**RECORDS PROVIDED**

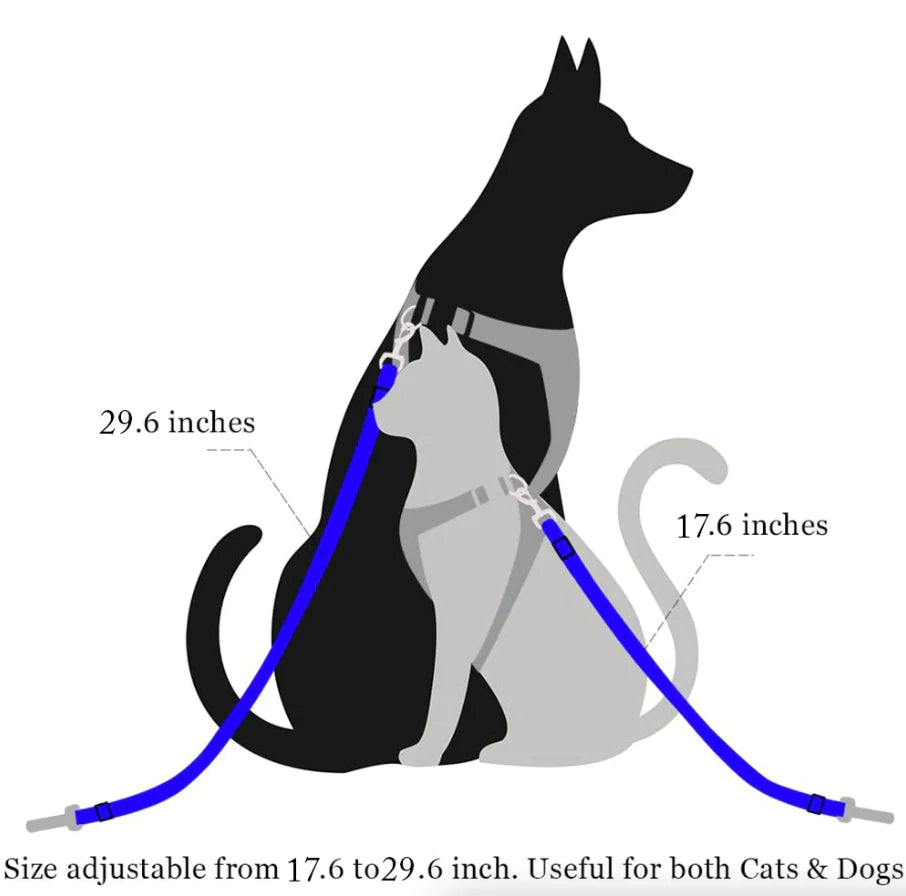 Pet Car Seatbelt Set – 2 Pack Adjustable Safety Harness for Cats and Dogs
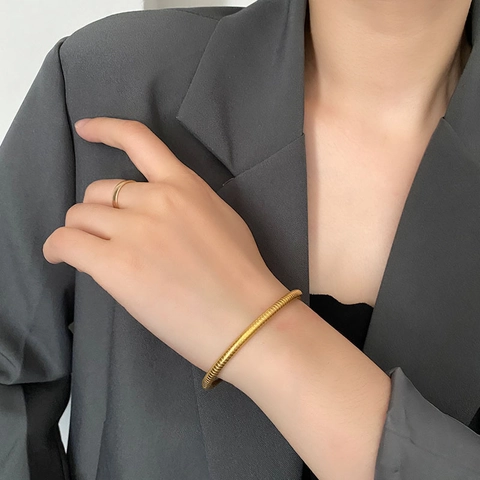 Cuff Bangle Bracelet Titanium Steel Open Adjustable Asymmetrical Snake Bone Texture Minimalist Jewelry For Women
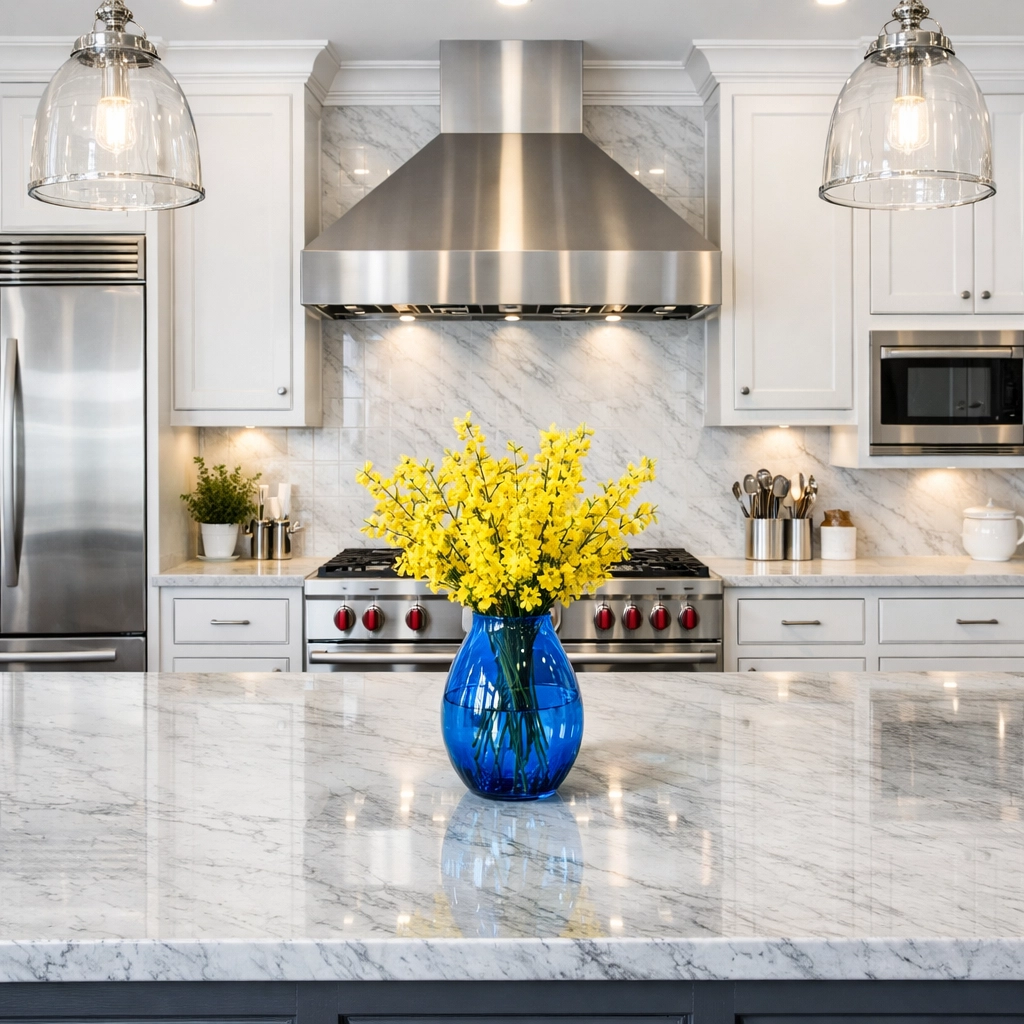 Immaculate Worcester kitchen with marble counters after a house cleaning Worcester MA visit.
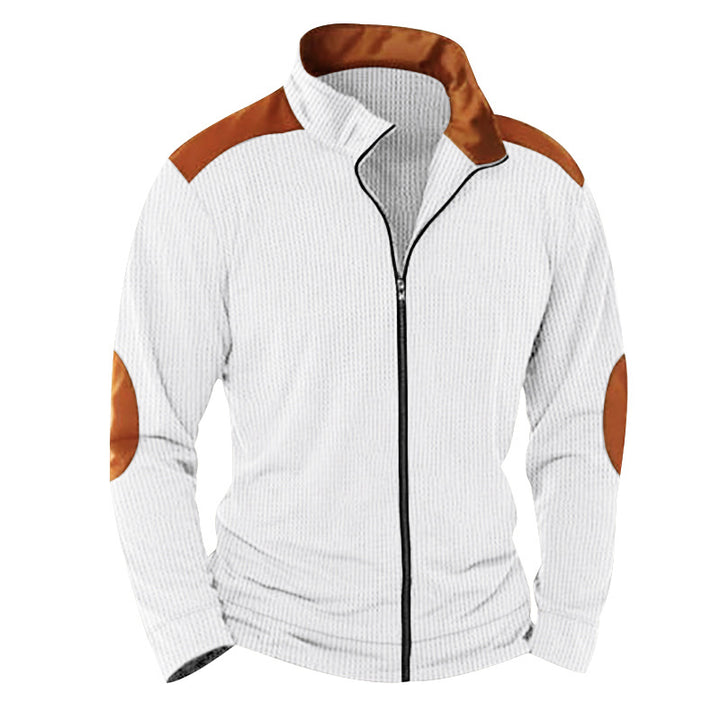 Herren nan strukturierte Strick‑Hybridjacke mit Stehkragen Kontrasteinsätzen und Ellbogenpatches Drune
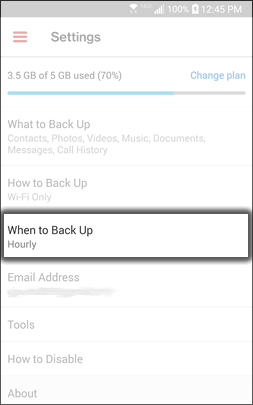 Tap When to Back Up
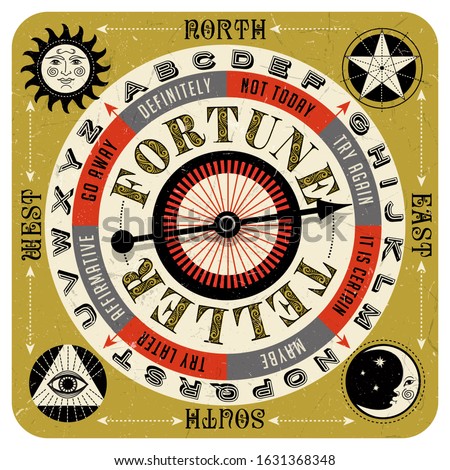 Vintage style fortune teller spin game with spinning arrow, answers, letters and mystic symbols. Vector illustration for web pages, gaming, banners, print, board games.  Stock foto © 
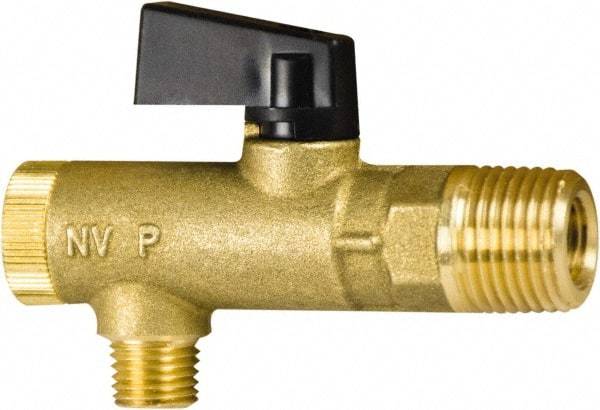 PRO-SOURCE - 1/2" Pipe, NPT Port, Brass Filter Ball Valve - Inline - One Way Flow, MNPT x FNPT Ends, Wedge Handle, 725 WOG - Eagle Tool & Supply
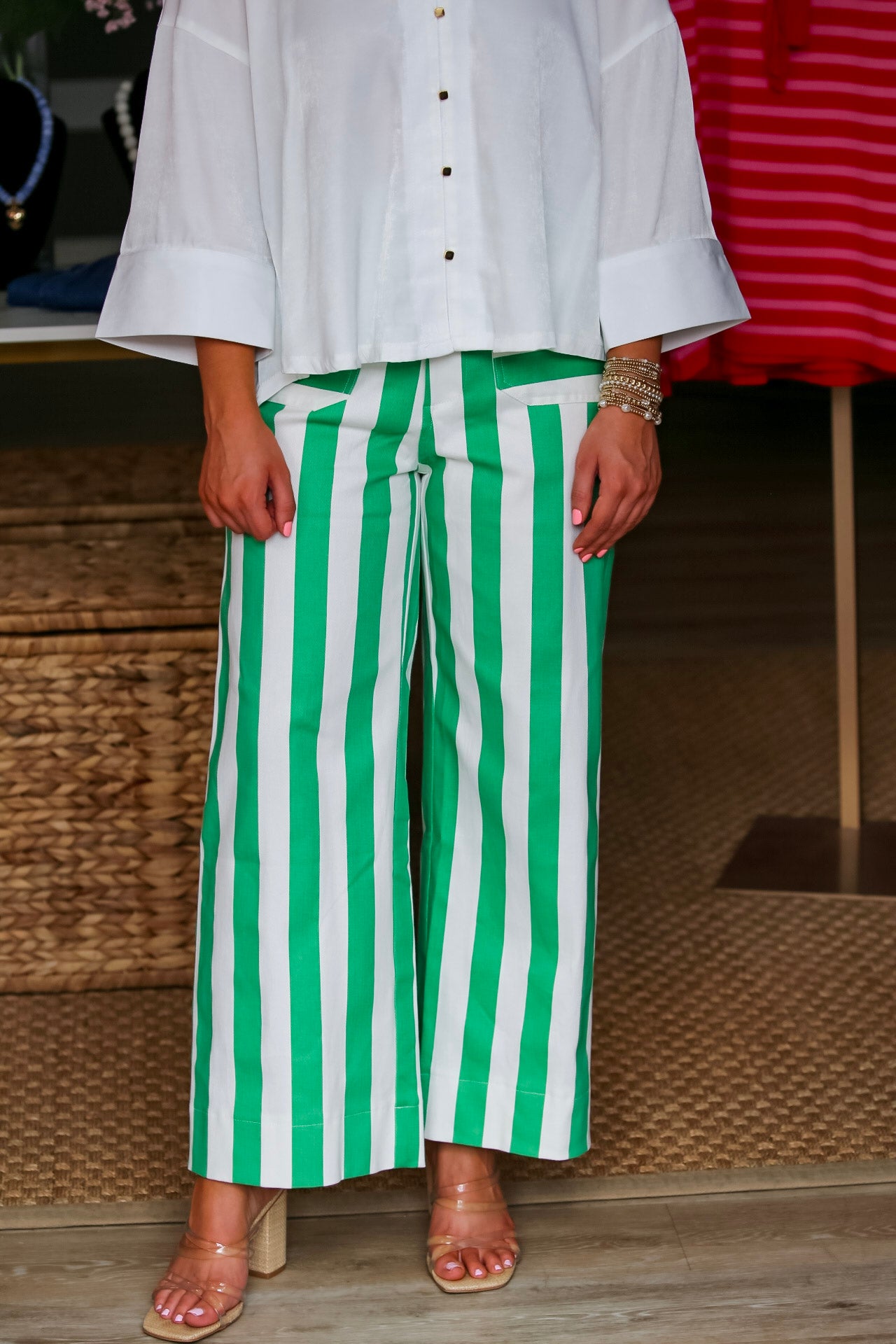 Wide-Leg Stripe Pants in White/Kelly Green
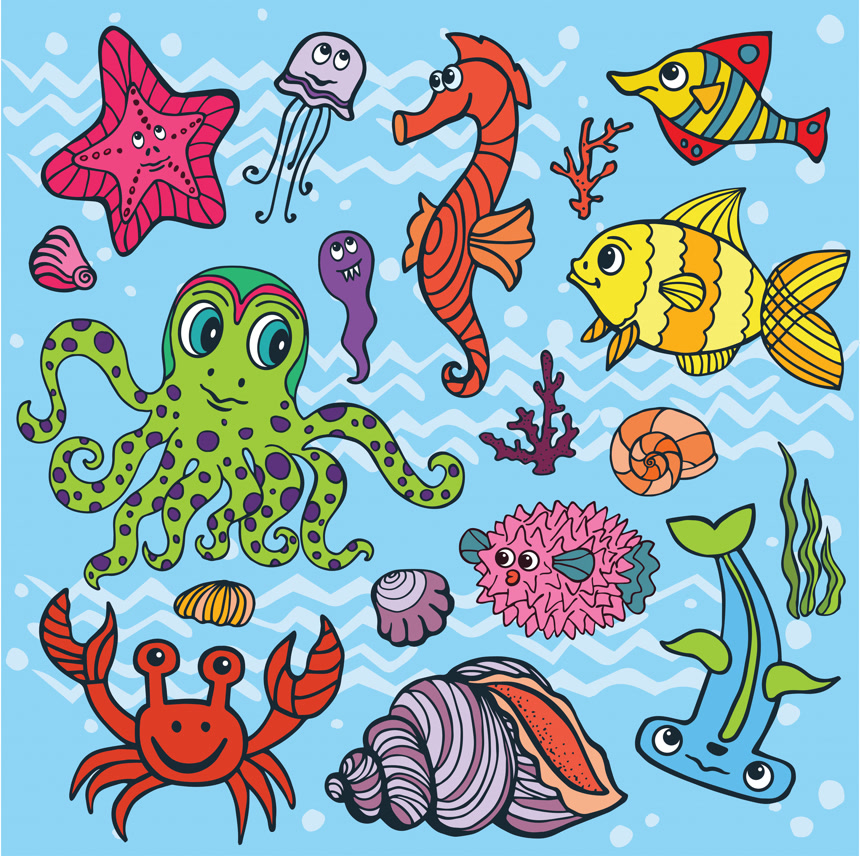 蓝色背景上的卡通线性海洋生物涂鸦图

**WHAT YOU ARE ASKED TO DO**
Please write the material out again exactly as shown above, minus any pictures.

**EXERCISE SOLUTION**
 Pet Car Seatbelt Set – 2 Pack Adjustable Safety Harness for Cats and Dogs
 Cuff Bangle Bracelet Titanium Steel Open Adjustable Asymmetrical Snake Bone Texture Minimalist Jewelry For Women
 Immaculate Worcester kitchen with marble counters after a house cleaning Worcester MA visit.
 Herren nan strukturierte Strick‑Hybridjacke mit Stehkragen Kontrasteinsätzen und Ellbogenpatches Drune
 Tap When to Back Up
 Vintage style fortune teller spin game with spinning arrow, answers, letters and mystic symbols. Vector illustration for web pages, gaming, banners, print, board games.  Stock foto © 
 PRO-SOURCE - 1/2" Pipe, NPT Port, Brass Filter Ball Valve - Inline - One Way Flow, MNPT x FNPT Ends, Wedge Handle, 725 WOG - Eagle Tool & Supply
 Wide-Leg Stripe Pants in White/Kelly Green
 蓝色背景上的卡通线性海洋生物涂鸦图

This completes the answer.